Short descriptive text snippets
-=-=-

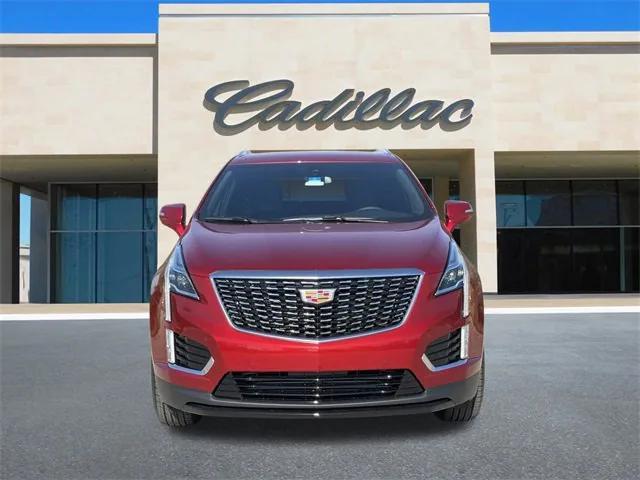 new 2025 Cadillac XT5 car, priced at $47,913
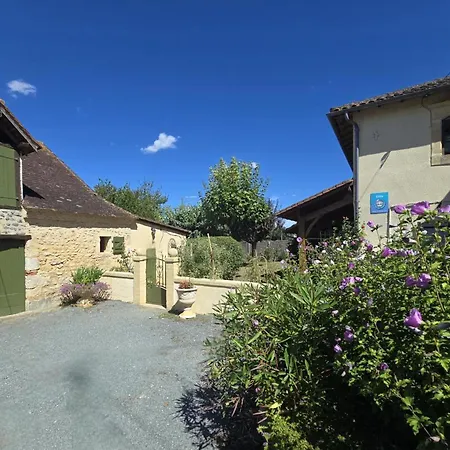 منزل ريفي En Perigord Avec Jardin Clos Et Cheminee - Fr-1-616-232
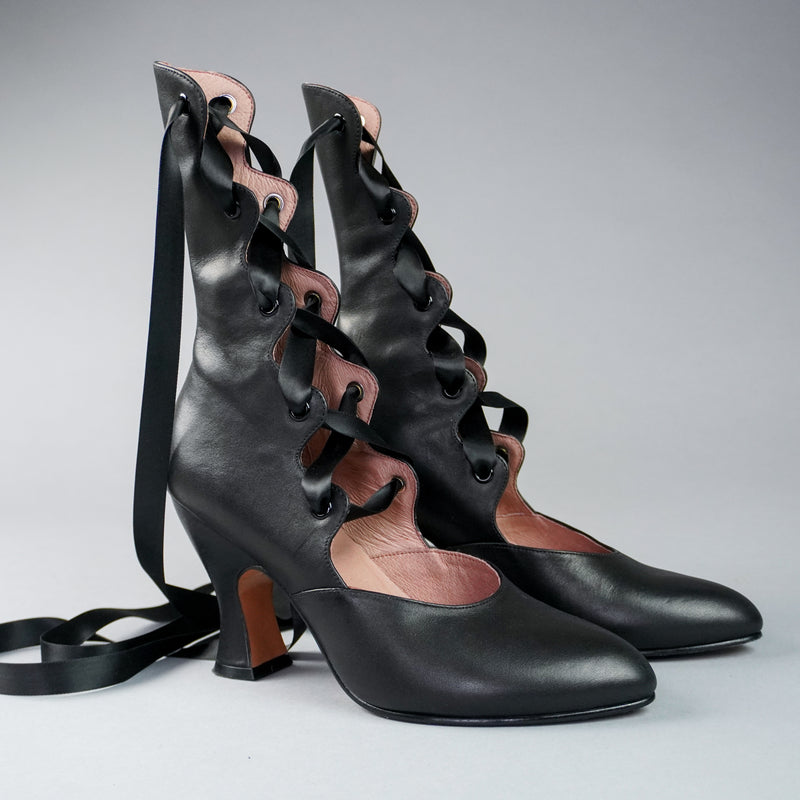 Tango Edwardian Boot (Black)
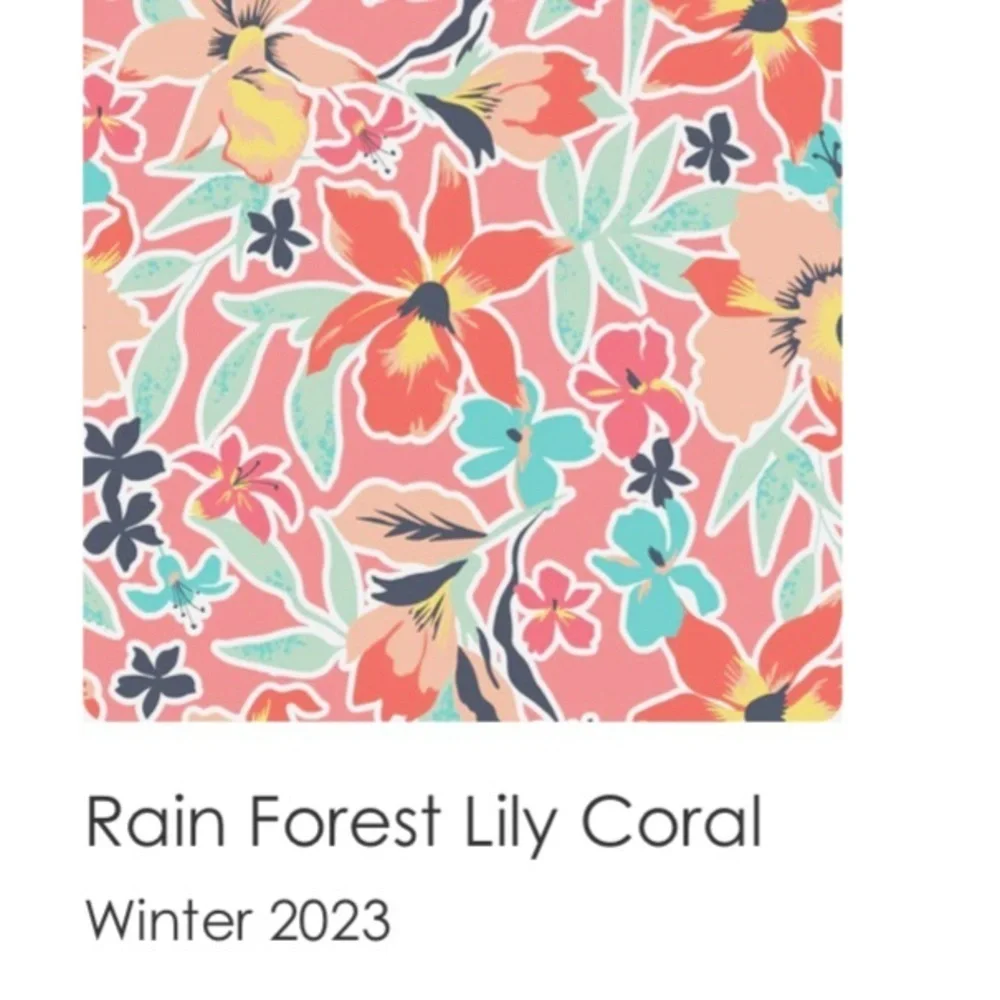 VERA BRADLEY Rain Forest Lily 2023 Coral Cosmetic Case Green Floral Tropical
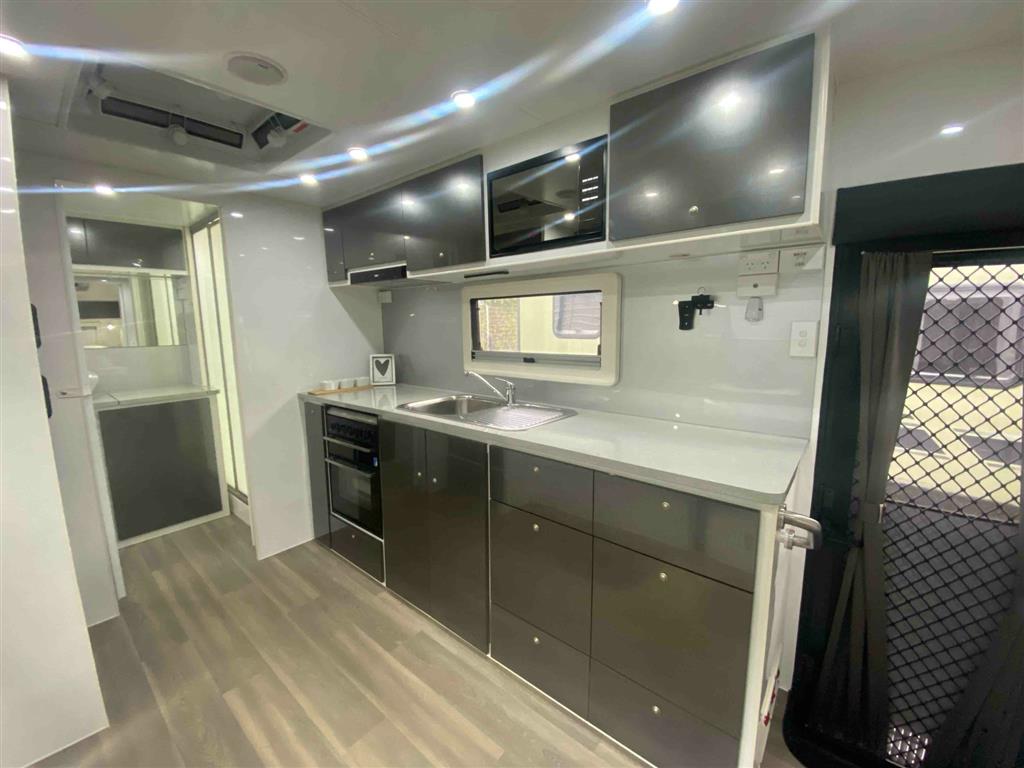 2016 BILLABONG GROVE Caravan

-=-=-

Leave out every picture, and write out exactly the lines from the one with "Tango Edwardian Boot (Black)" through the end of the records above, both ends included.

 Tango Edwardian Boot (Black)
 VERA BRADLEY Rain Forest Lily 2023 Coral Cosmetic Case Green Floral Tropical
 2016 BILLABONG GROVE Caravan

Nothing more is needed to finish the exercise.